» Task prompt: Under this line sits a listing. Repeat exactly and only its lines from the one holding "QR code with" through the one holding "4114 E Union"; skip pictures.
Exercise input below:
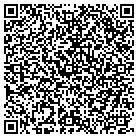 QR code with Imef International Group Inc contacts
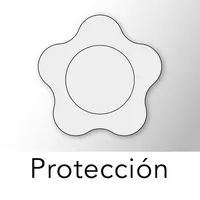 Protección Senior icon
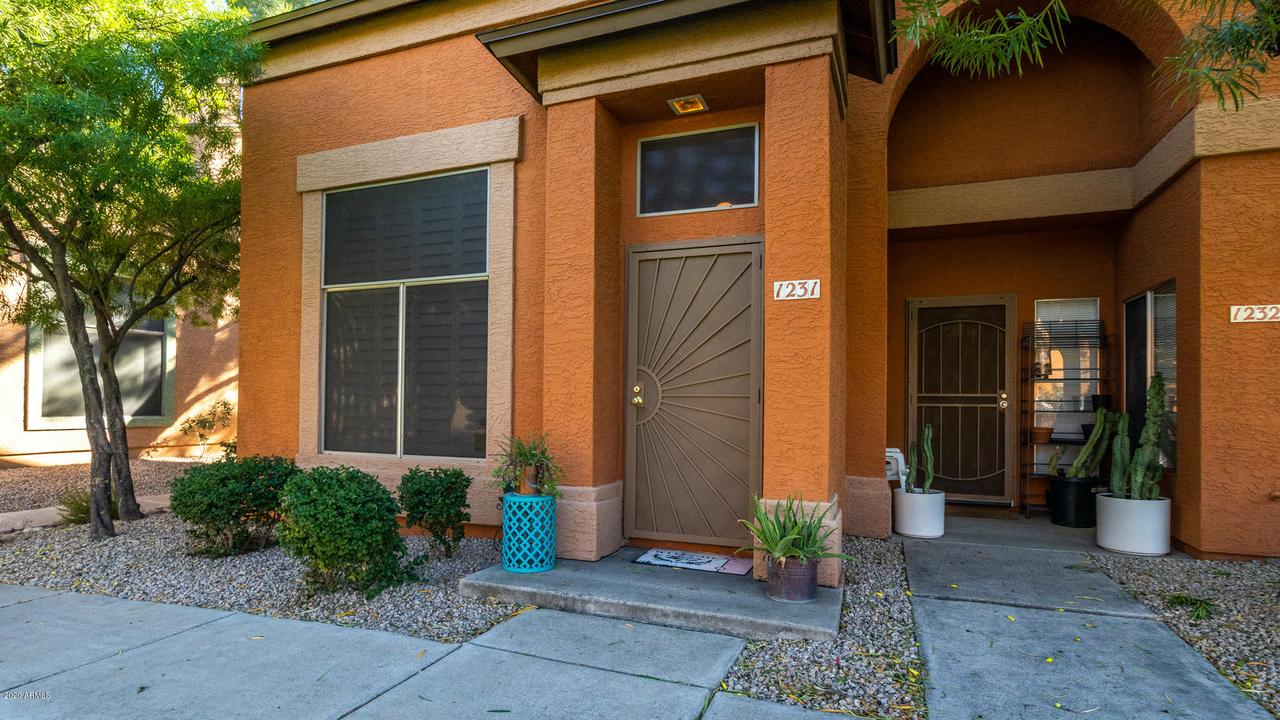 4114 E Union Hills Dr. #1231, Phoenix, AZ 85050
End of Exercise input.
Exercise input below:
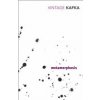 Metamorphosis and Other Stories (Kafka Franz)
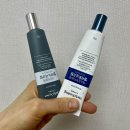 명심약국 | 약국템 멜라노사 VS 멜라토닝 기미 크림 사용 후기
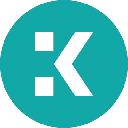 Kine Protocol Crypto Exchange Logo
End of Exercise input.
Exercise input below:
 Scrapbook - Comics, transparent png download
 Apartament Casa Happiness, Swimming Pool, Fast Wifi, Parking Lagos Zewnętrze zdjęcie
End of Exercise input.
» Answer section:
 QR code with Imef International Group Inc contacts
 Protección Senior icon
 4114 E Union Hills Dr. #1231, Phoenix, AZ 85050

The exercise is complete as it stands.